Wieder gab es einen Grund für das zeitige Aufstehen und wieder war es ganz freiwillig. Auf diesen Teil hatten wir uns nun schon den ganzen Urlaub und die Wochen davor gefreut: Whalewatching von echten, im Ozean schwimmenden Walen. Ich brauche nicht zu erwähnen, dass der morgendliche Rucksackcheck ausschließlich der Kameraausstattung galt. Die Verantwortung, was sonst noch so beachtet und eingepackt werden musste, mussten die anderen übernehmen. Und so standen wir 8:15 vor dem Büro von Espaco Talasso am Hafen. Und wir waren nicht die einzigen aufgeregten Gesichter. Fakt war nämlich auch, dass wir ausgerechnet den Tag mit dem bisher schlechtesten Wetter gewählt hatten. Aber das schien vorerst kein Thema zu sein, denn wir erhielten ein vorbildliches Briefing über den Schutz der Natur, die Aufklärung wie man Fisch und Wal unterscheidet, welche Tiere hier heimisch sind und das man keine fliegenden Kühe erwarten darf. Ich nahm jedoch die wichtigste Info auf, nämlich sollte der unwahrscheinliche Fall eintreten, dass ein Pottwal auf Fliegenfischen umstellt, also sinngemäß in die Luft springt, es an Land eine Flasche Champus gibt. Hab so ein selektives Gehirn, dass nur die wichtigsten Informationen behalten kann.
Doch danach kam die noch wichtigere Info, die wir irgendwie fast erwartet hatten. Aufgrund der Wettersituation werden die heutigen Touren gecancelt. Die Sicht liegt bei 15 Metern, was blöd ist, wenn man mindestens 50 Meter Abstand zu den Tieren halten soll. Und der Wellengang wurde uns als todbringende Apokalypse beschrieben, sodass keiner auf seine Tour bestand. Doch was nun?

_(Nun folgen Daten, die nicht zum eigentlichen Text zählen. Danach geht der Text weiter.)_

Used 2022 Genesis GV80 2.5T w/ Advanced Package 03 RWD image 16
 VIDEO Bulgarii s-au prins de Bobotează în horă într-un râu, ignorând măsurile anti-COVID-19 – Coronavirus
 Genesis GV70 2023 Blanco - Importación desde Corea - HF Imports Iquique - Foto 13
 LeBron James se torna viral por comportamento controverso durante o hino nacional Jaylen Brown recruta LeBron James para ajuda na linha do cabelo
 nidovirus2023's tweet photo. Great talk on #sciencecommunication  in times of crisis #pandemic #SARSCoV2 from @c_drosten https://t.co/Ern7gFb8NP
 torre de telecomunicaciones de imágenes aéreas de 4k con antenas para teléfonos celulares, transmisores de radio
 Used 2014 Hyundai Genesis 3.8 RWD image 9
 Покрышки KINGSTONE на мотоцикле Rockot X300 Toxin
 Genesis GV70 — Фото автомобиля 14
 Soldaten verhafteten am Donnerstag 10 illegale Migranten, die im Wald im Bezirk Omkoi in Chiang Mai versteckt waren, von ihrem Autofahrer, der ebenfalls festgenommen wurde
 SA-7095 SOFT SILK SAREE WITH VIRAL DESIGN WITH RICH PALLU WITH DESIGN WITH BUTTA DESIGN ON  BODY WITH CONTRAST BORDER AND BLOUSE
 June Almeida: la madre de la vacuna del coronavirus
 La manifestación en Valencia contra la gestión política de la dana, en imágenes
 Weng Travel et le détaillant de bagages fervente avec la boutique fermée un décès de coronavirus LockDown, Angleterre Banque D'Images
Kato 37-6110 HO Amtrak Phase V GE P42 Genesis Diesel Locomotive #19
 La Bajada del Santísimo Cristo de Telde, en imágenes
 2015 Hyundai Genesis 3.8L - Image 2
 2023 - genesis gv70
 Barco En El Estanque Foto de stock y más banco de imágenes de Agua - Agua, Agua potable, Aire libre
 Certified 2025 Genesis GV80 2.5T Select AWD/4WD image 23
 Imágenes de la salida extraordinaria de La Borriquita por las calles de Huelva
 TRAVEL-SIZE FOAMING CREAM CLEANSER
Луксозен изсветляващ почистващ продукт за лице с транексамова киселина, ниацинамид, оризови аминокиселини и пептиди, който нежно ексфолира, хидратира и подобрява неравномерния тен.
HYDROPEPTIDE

Ich hatte ja kürzlich gelernt, wozu Ellenbogen zu gebrauchen sind und als der Guide erwähnte, dass man ja umbuchen kann und für morgen noch ca. 4 Plätze frei sind, empfand ich dies als direkte Aufforderung an meine Ellenbogen. Morgen ist unser letzter Tag hier auf der Insel und dieses Erlebnis gehört quasi zu den Azoren, wie das Blau und das Grün. Also sprang ich noch in der „Cancelation“ auf und stürmte mit meinen Ellenbogen an den Buchungsschalter. Es tut mir wirklich leid, für alle, die diese Plätze auch haben wollten, aber da stand UNSER Name drauf. Also ran an den Schalter und die letzte Gelegenheit genutzt. Nun haben wir morgen 14 Uhr nochmal die Chance auf unser Whalewatching und beten nun minütlich den Wettergott an. Sicherheitshalber werde ich heute alles aufessen, was auf den Tisch kommt und sämtliche Karma-Götter freundlich stimmen und gleich mal schauen, ob noch ein paar gute Taten drin sind.

Doch was machen wir nun mit so einer Tages-Umwirbelungs-Aktion? Wir machen das Beste draus. In meinem Fall ist das erst einmal ein kurzer Stop an einigen Pfützen des schlechten Wetters und das Bild des Tages schießen.

Für uns als Familie bedeutet dies, als erstes Mal den Schreck verdauen und ein frühzeitiges Deidei einfügen. Ausgeschlafen denkt es sich auch wesentlich einfacher und vor allem motivierter. Und so beschlossen wir nach der Pause eine Wanderung durch die Weinberge einzufügen. Die wurde mir dank Gruppen im weltweiten Netz empfohlen und Empfehlungen kann man ruhig mal trauen.
Also ab nach Lajido kurz hinter dem Flughafen und zwischen unendlichen Weinanbauten. Hier starteten wir eine Wanderung, die uns erst über alte Lavafelder, die Spurrinnen der Ochsenkarren hatten, führten. Ein toller Weg. Links und rechts waren die Steinmauern aus Lavasteinen, die die Parzellen der Weinfelder umgrenzten. Leuchtendes Grün auf schwarzem Stein. Und zeigt mir einen, dem dabei nicht der Fotofinger zuckt. Wir jedenfalls wanderten auf dieser Strecke bergauf und genossen diese Umgebung. Irgendwann entdeckten wir ein paar wilde Tomaten mit reifen Mini-Früchten dran. Leuchtend rot und so verlockend, wenn man gerade hundert Liter auf dem Weg bergauf rausgeschwitzt hat. Also alle wollten kosten, außer Georg. Nicht seine Frucht. Also gönnten wir drei uns je eine Tomate und waren begeistert vom Geschmack dieser Winzigkeit. Georg fand in der Zwischenzeit eine andere Frucht, die ihn mehr interessierte. Also zumindest kurzfristig. Und so erntete er eine Kaktusfeige, nur um uns im nächsten Moment ein: „Mama, ich habe da ein Problem!“ entgegen zu ballern. Okay, ein Problem ist massiv untertrieben, denn in allen Fingern seiner Hand steckten mindestens zehn Stacheln vom Kaktus. Eine Erfahrung, die unser Kind offensichtlich machen musste, trotz der artikulierten Warnungen. Aber jedem halt sein Früchtchen!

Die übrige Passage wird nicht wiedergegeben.